Kirchenmusik gehörte schon sehr früh zu Anton Bruckners ureigensten Bereichen, in denen er musikalisch tätig gewesen ist. Nicht nur als gläubiger Katholik, sondern weil er auch wegen seines Schul- und Kirchendienstes als Stadtpfarr- und Domorganist in St. Florian, Linz und Wien sein ganzes Leben im unmittelbaren Verhältnis zur Kirche stand. Insbesondere die Orgel wurde zu einem „zweiten Ich“, zu einem „Seelenspiegel“, an dem sich Bruckner ausprobieren konnte. Mit einer kenntnisreichen, klar strukturierten, liebevoll aufbereiteten Werkeinführung stellen die CDs die Kirchenmusik Bruckners und die Hintergründe ihrer Entstehung in den historischen Kontext.
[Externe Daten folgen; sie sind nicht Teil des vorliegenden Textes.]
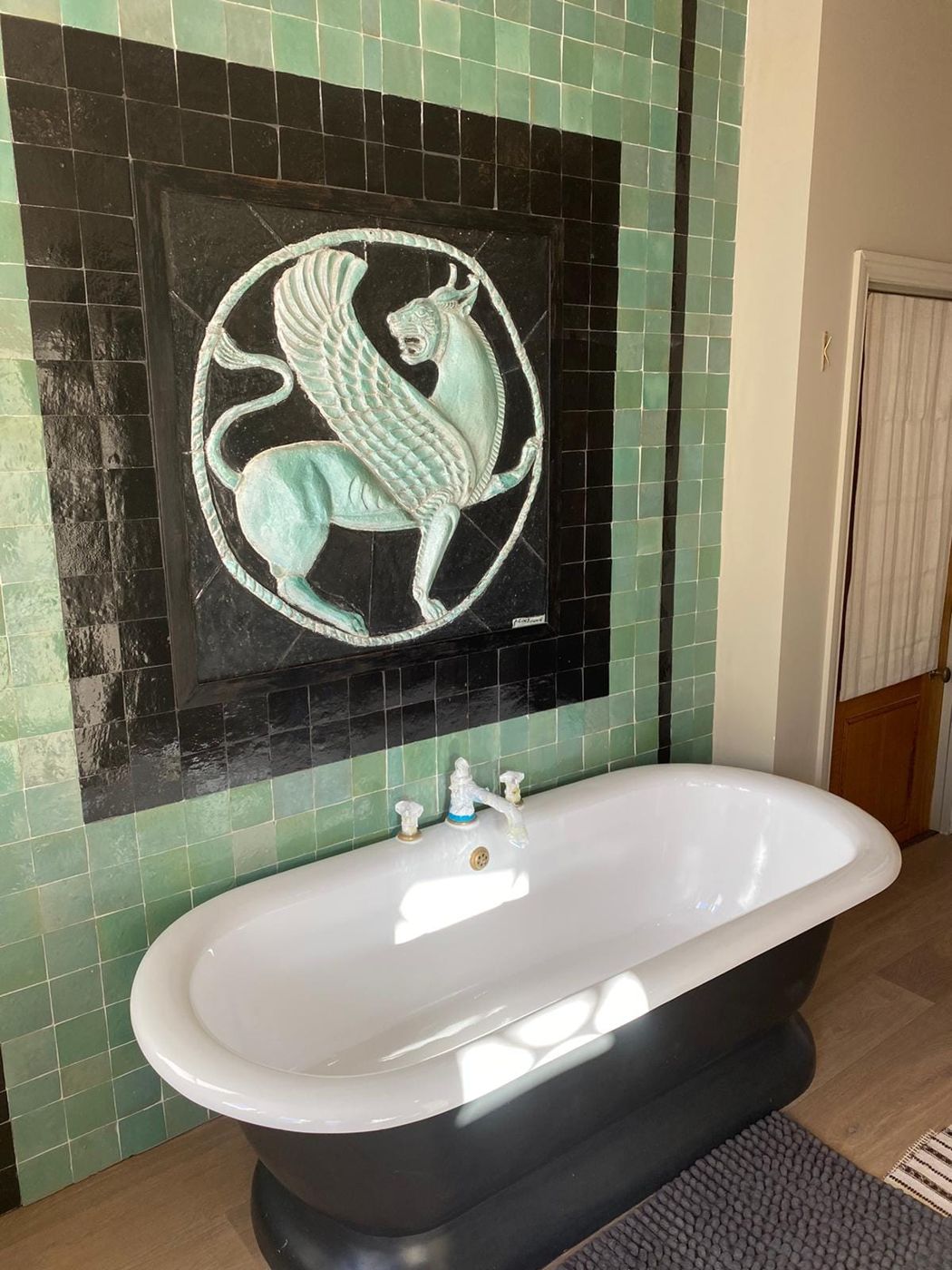White freestanding bath in front of a green tiled wall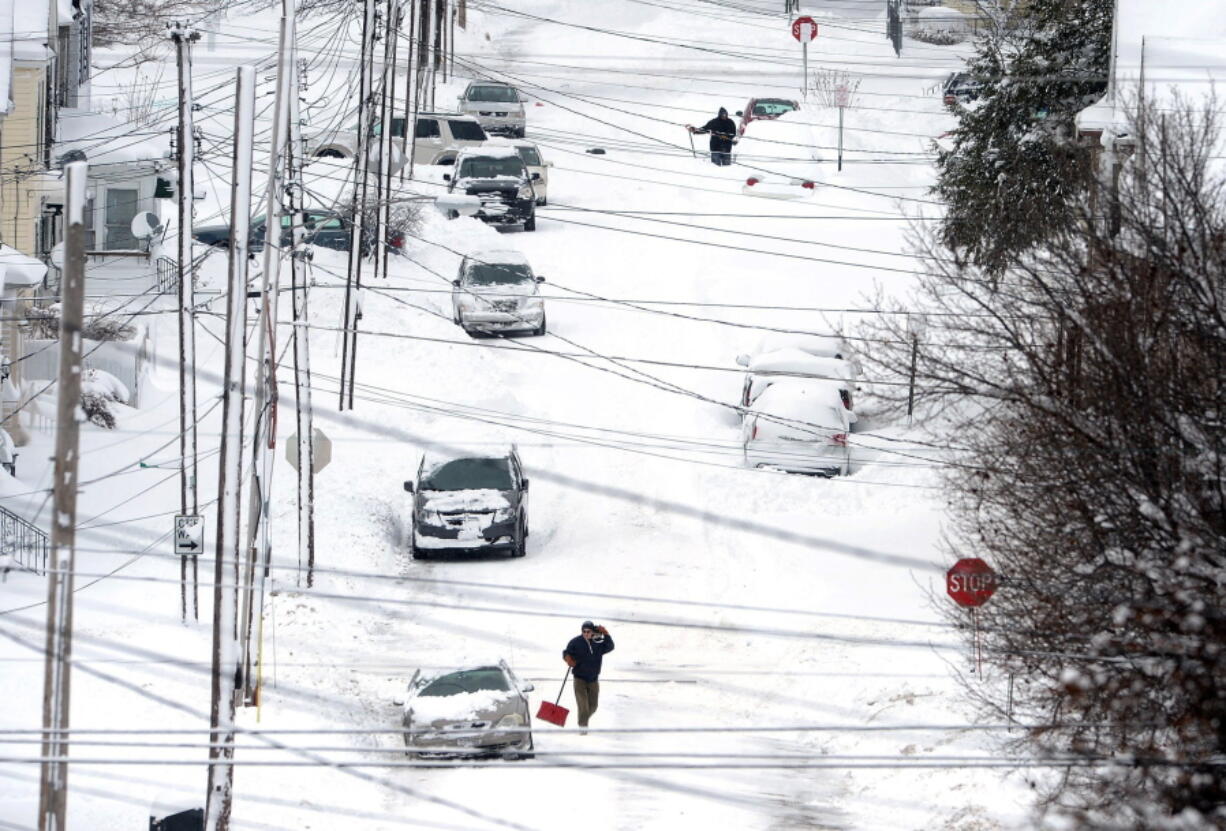 Erie, Pa., residents on East 24th Street dig out on Tuesday after a record two-day snowfall. The National Weather Service office in Cleveland says the storm brought 34 inches on Christmas Day, a new all-time daily snowfall record for Erie.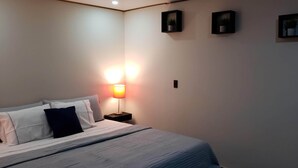Un lit bien fait, avec une literie blanche et grise, un oreiller noir et une lampe de chevet.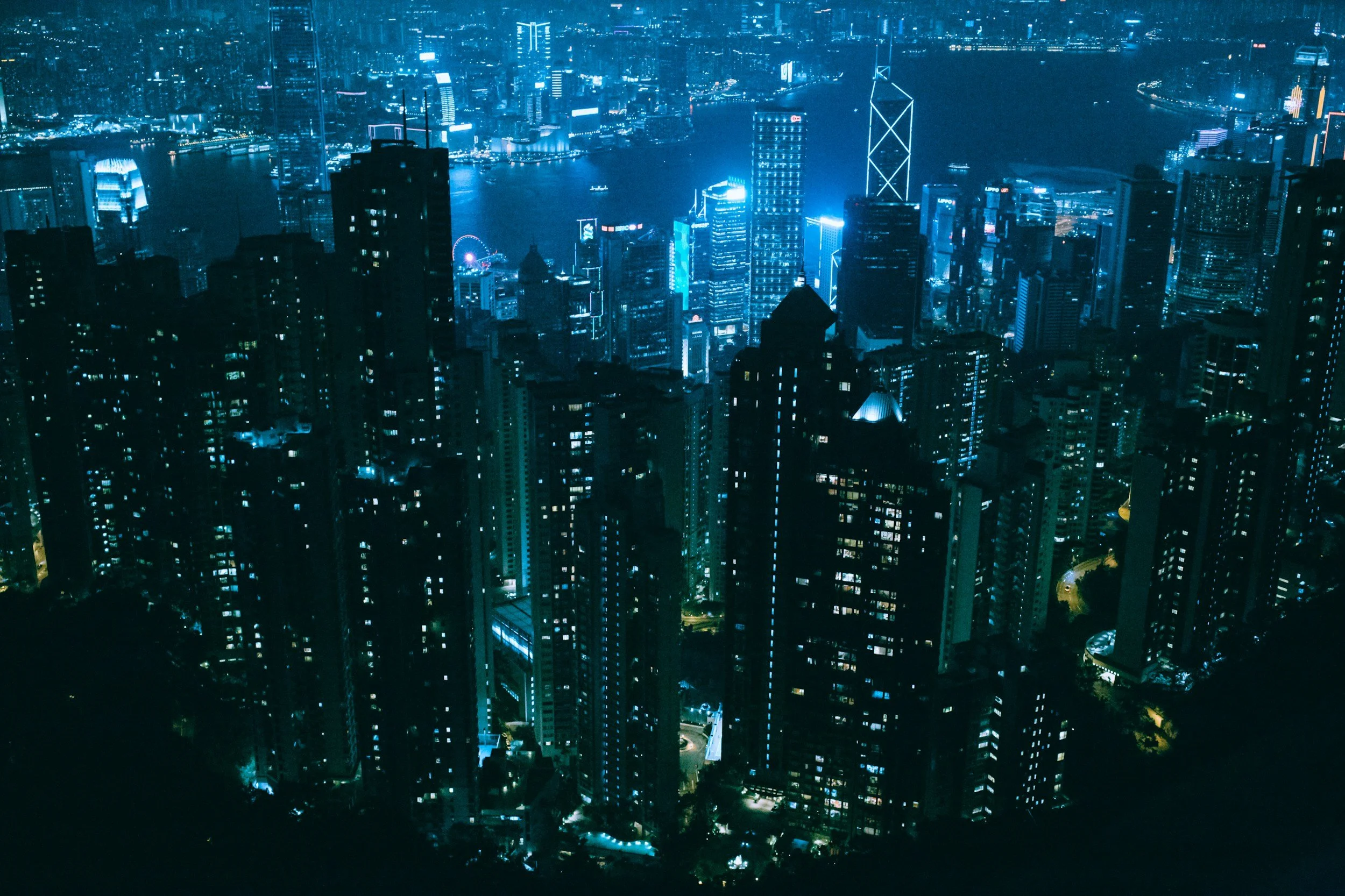 Night view of a cityscape with illuminated skyscrapers and a river in the background.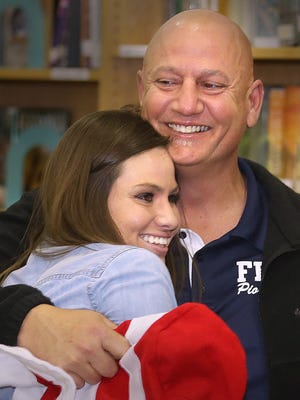 Jimbo Jackson embraces his daughter, Ashley, after being named the Tallahassee Democrat's Person of the Year for 2013.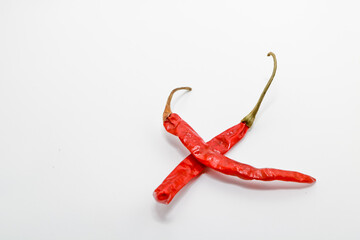 Dried red chili or chilli cayenne pepper isolated on white background cutout. is spicy than fresh...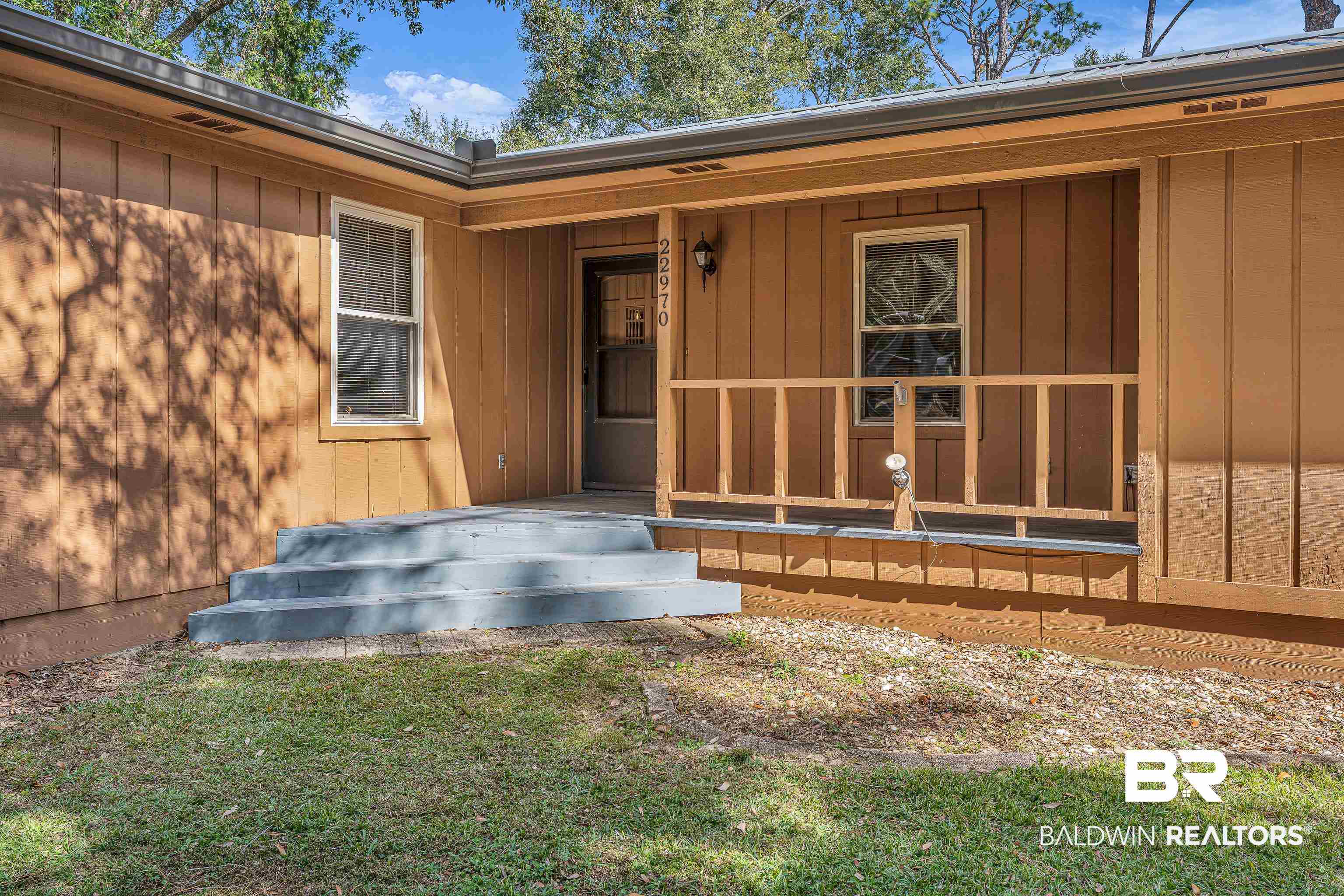22970 River Road South Daphne, AL 36526 - Photo 2 of 48 Property entrance featuring board and batten siding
Um die vom Rundfunkchor bestens intonierte Einspielung der achtstimmigen Messe in e-Moll WAB 27, die Bruckner für Blasinstrumente („Harmonie“) und Chor 1866 komponiert hatte, kreisen in der ersten CD einige seiner berühmten Motetten wie Locus iste WAB 23, Virga Jesse WAB 114 oder die Gradualmotette Christus factus est (III) WAB 11 sowie die beiden Aequale für jeweils drei Posaunen WAB 119 und 149. Die zweite CD besteht aus drei biografischen Teilen: „Herkunft und Selbstfindung“, „Klangwelten“ sowie „Religion und Lebenskrisen“ – stets mit Bezug zur Messe. Dabei wird mehrfach darauf hingewiesen, dass gerade deren Komposition in eine entscheidende Schaffensperiode Bruckners fiel: „Aus dem Hilfslehrer wird ein professioneller Komponist, einer der größten im 19. Jahrhundert.“ Sie ist ein Markstein in Bruckners Leben, das sich in ein Vorher und ein Nachher trennt. Während die Symphonik größtenteils ausgespart ist, werden bekannte Wissenselemente um Bruckners Wesen, seine Eigenheiten und Herkunft, seine Sozialisierung und tief empfundene Religiosität dargestellt und mit verschiedenen Sprechstimmen sowie mit Brucknerzitaten lebendig und anschaulich gemacht. Zwischen den biografischen Erläuterungen werden zudem – wie im Abschnitt „Kirchenmusik im würdigen Style“ – nach und nach die stilistischen Eigenheiten der Messe mit Hörbeispielen dargestellt, die aus dem alten Kirchenstil und Polyphonie à la Palestrina kommen. Und im dritten Teil werden schließlich die äußeren Zusammenhänge um die Entstehung der Messe, die Rolle des Bischofs Rudigier bis zur Uraufführung im Jahre 1869 vertieft.
Eine CD, die Lust auf Bruckners Kirchenmusik macht. Leider ist ein Lapsus passiert und zwar wurde dessen Geburtstag vom 4. September auf den 7. September verlegt.